Don’t let national presidential race overshadow local races

Published: Sunday, November 4, 2012

Updated: Monday, November 5, 2012 20:11

There’s one day to go before Election Day, and the names of Mitt Romney and Barack Obama are more familiar to you than members of your own family. But can you name your state senator or district representative?

The Congress approval rating is currently at 21 percent according to Gallup, yet most members of Congress are poised for re-election. At least 15 senators of the 22 seeking re-election are expected to sign on to new terms. The same is true for at least 330 House members.

We hate them, but we won’t get rid of them.Andmost people hate them blindly. According to an older survey, only 25 percent of American adults can correctly name their U.S. senators. There’s no exact number on how many people can name their local representatives, but some polls place the number at around only 10 percent. 

Local elections don’t get the glitz and glamour of the national election so they don’t get our full attention, but people don’t realize the impact they have. Look at New York, a predominantly democratic state where many feel like their vote in the presidential election won’t make any difference. Local elections are an entirely different game, especially in the more conservative-voting precincts. Many of those areas are only a few minutes away from Buffalo. Because they don’t have to cater to the entire country or worry about appealing to a wide range of people, individual precincts can afford to be as extreme as they want to be.

Maybe that’s why there seems to be an increase in the number of vicious ads this year on the local level. The Buffalo News reported that political advertising in the 27th Congressional District in Buffalo and Rochester has reached nearly $5 million.

It’s all noise at this point – noise that we’re ignoring and have ignored for years. According to Erie County election officials, voter turnout in 2008 was at about 42 percent with over 75,000 ballots cast.

But some of the most important issues are determined at the local level. Obama and Romney can preach all day about what they intend to do for the education system, but your representatives make the most immediate decisions. That’s why it’s so important to know what your candidates stand for and to vote.

That doesn’t mean the presidential election isn’t important, as it certainly holds a place in balancing the national budget, controlling broad domestic affairs and managing foreign policy. But the presidential candidates don’t come to your town and take care of you personally. They deal with the grand, broad issues and issues of national importance. What goes on in your hometown is not their problem.

Here in Buffalo, the biggest races have big implications for students. In the race for New York’s 26th Congressional District, incumbent Brian Higgins and Republican challenger Michael Madigan have both made their plans for education reform. Higgins wants to make student loan interest deductible and expand deduction to more middle class applicants. Madigan focuses more on primary-school education, seeking to improve education by improving the skills of teachers to help children get skilled labor jobs and offering parental education in poorly performing schools.
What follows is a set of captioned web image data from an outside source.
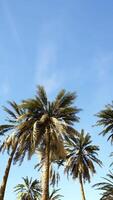 Underside of the coconuts tree with clear sky and shiny sun video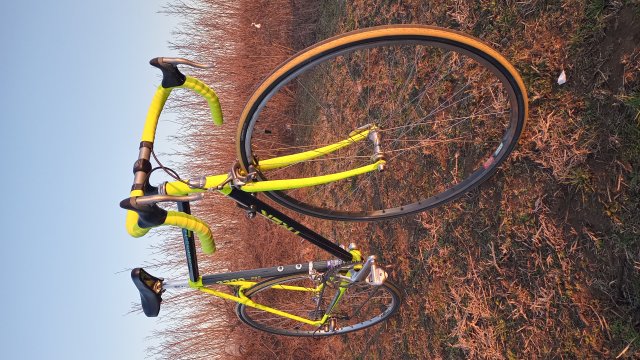 Trek 2300 Composite '91 #208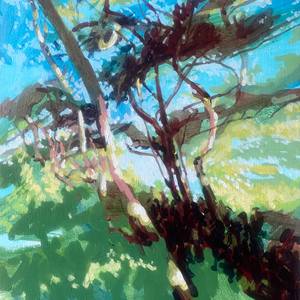 Pines on a Ridge 2026.53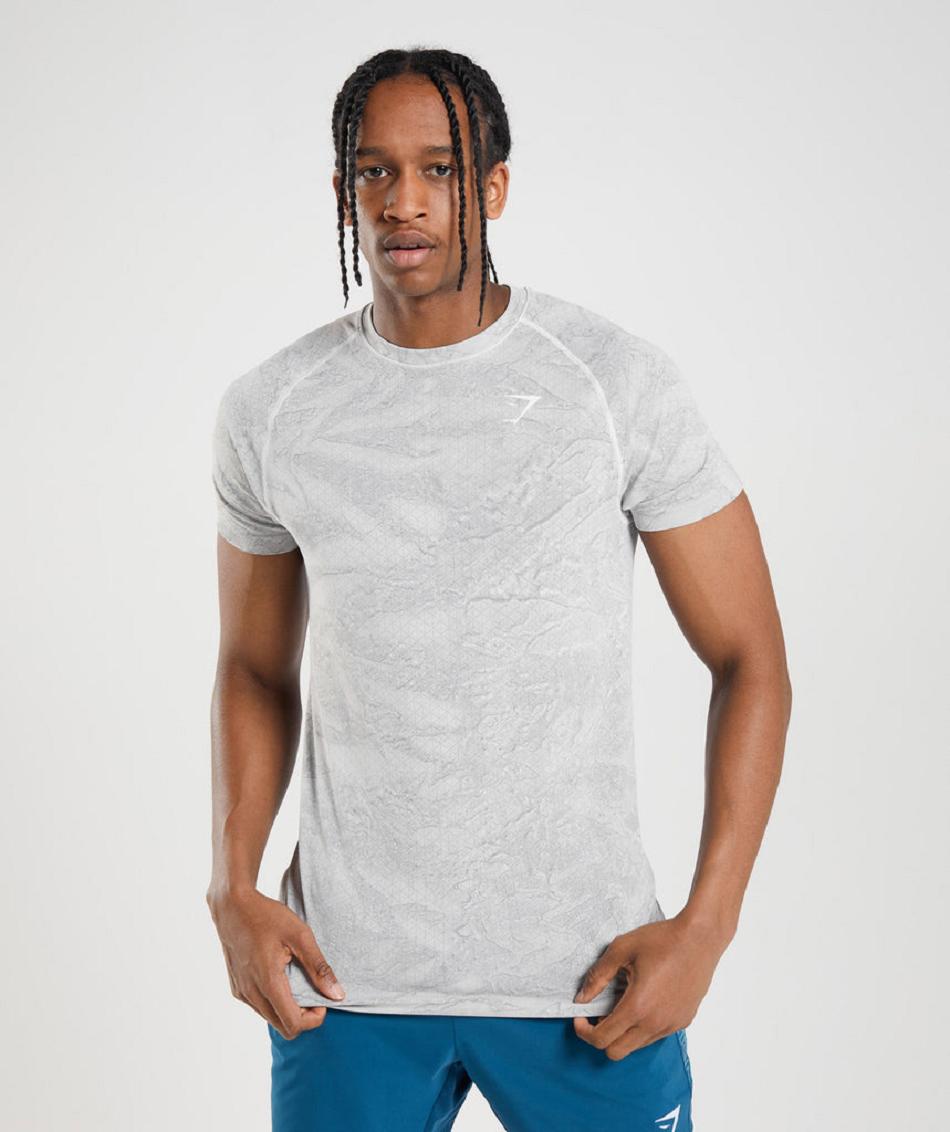T Shirts Gymshark Geo Seamless ανδρικα ασπρα ανοιχτο γκρι | GR_TH9255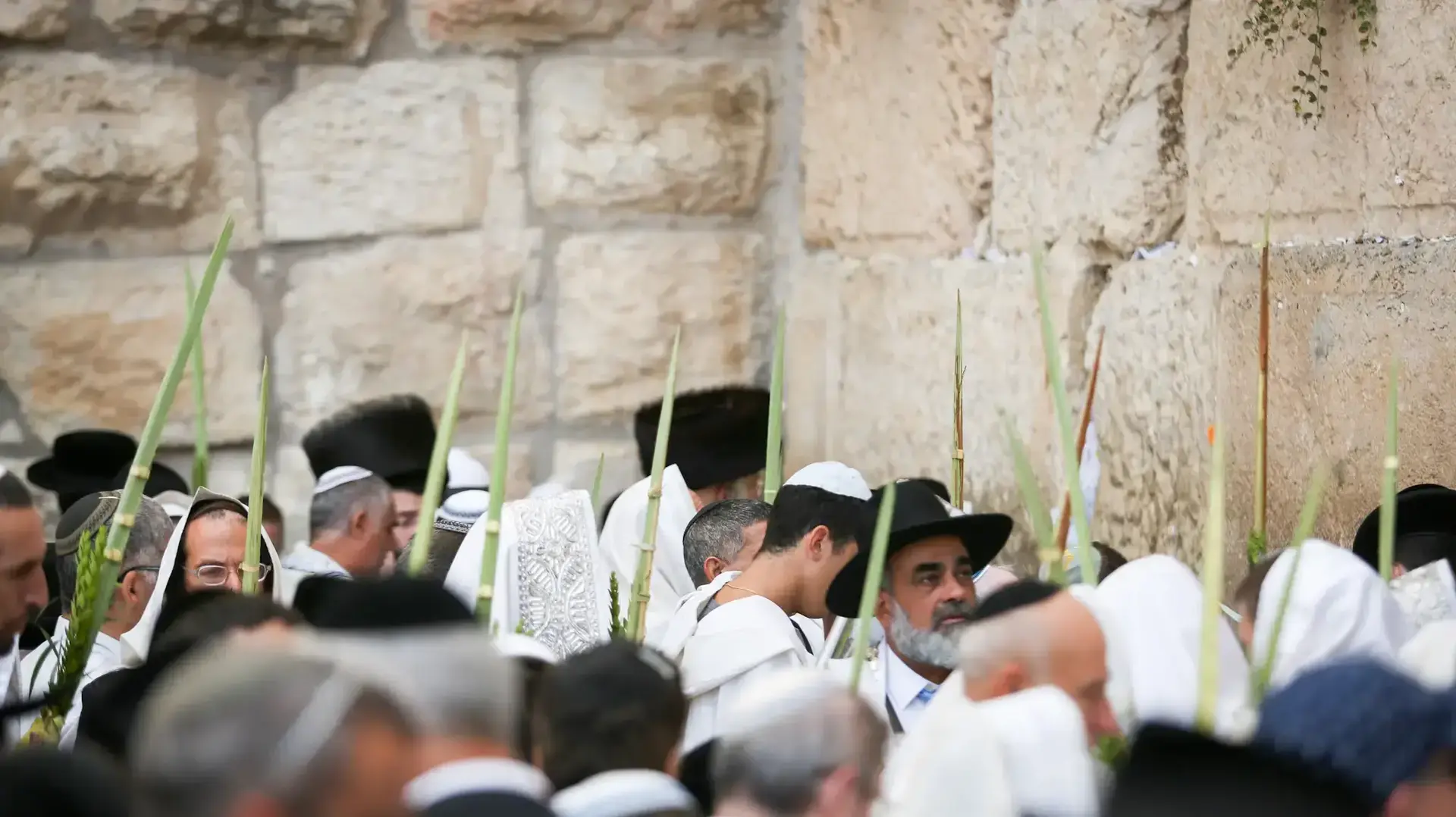 ברכת הכהנים המסורתית, רחבת הכותל המערבי, ירושלים. אוקטובר 2016 ברכת הכהנים המסורתית, רחבת הכותל המערבי, ירושלים. אוקטובר 2016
Another big race is the seat for State Senator in the 60th District between Michael Amodeo and incumbent Senator Mark Grisanti. Grisanti is a proud supporter of UB 2020, the university’s expansion program, while Amodeo wants to find a solution to community college chargebacks and opposes increases in SUNY tuition.

The difference between their wants and the wants of our presidential candidates? Our local candidates actually have the power to reform these issues.

Pay attention to your local races and their impact. One of the pluses of getting involved in your local elections is that your representatives are right there, available to meet or talk to with only a couple of phone calls. Want to know what they stand for? Attend a local meeting or talk to them personally.

When you go out and cast your ballot tomorrow, remember it’s not just about Mitt Romney or Barack Obama. Make a difference and vote for your local representatives.